→ What the exercise asks: Which of the lines below include "Front"? Each one should be copied out.

[Caption-style text data]
========

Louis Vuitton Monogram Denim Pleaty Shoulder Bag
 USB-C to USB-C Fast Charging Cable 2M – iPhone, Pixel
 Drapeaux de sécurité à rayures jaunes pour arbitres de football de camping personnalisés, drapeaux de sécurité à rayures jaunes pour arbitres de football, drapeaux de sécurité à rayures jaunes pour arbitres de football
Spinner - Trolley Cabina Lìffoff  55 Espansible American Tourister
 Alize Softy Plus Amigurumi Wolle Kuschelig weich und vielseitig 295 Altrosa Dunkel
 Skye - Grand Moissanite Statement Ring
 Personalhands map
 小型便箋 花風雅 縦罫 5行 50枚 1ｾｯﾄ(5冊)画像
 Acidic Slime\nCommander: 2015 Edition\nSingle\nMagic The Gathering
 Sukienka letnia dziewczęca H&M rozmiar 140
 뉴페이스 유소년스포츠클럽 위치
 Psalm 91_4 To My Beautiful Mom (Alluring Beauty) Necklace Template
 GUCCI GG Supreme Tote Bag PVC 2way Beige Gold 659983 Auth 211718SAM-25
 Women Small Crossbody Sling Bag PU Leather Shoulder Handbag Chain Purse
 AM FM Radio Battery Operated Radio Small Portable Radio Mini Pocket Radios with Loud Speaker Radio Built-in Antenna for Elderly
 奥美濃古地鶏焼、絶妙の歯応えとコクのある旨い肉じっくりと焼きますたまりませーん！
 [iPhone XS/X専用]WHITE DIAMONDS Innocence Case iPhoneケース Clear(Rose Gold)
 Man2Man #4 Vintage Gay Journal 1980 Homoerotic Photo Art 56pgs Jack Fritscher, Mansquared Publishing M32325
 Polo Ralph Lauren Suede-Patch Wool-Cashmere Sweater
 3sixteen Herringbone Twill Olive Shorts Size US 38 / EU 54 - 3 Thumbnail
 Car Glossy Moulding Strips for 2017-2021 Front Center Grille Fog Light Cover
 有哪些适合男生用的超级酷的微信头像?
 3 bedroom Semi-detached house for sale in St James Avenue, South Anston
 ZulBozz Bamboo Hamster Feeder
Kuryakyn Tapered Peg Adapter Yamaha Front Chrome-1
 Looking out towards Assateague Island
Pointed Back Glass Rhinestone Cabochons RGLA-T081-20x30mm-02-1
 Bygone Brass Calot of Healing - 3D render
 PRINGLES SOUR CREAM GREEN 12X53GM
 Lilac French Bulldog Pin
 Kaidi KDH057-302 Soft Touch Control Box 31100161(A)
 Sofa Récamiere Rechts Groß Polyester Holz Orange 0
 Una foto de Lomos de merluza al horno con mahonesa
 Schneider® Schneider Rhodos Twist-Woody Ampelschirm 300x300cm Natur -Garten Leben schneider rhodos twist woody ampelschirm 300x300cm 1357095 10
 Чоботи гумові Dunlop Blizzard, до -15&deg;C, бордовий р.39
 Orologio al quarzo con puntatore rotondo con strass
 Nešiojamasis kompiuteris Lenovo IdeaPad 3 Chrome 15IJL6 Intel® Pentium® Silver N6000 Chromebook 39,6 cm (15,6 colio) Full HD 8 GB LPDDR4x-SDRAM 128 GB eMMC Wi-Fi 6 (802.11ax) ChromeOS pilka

========

→ Exercise answer:
 Car Glossy Moulding Strips for 2017-2021 Front Center Grille Fog Light Cover
Kuryakyn Tapered Peg Adapter Yamaha Front Chrome-1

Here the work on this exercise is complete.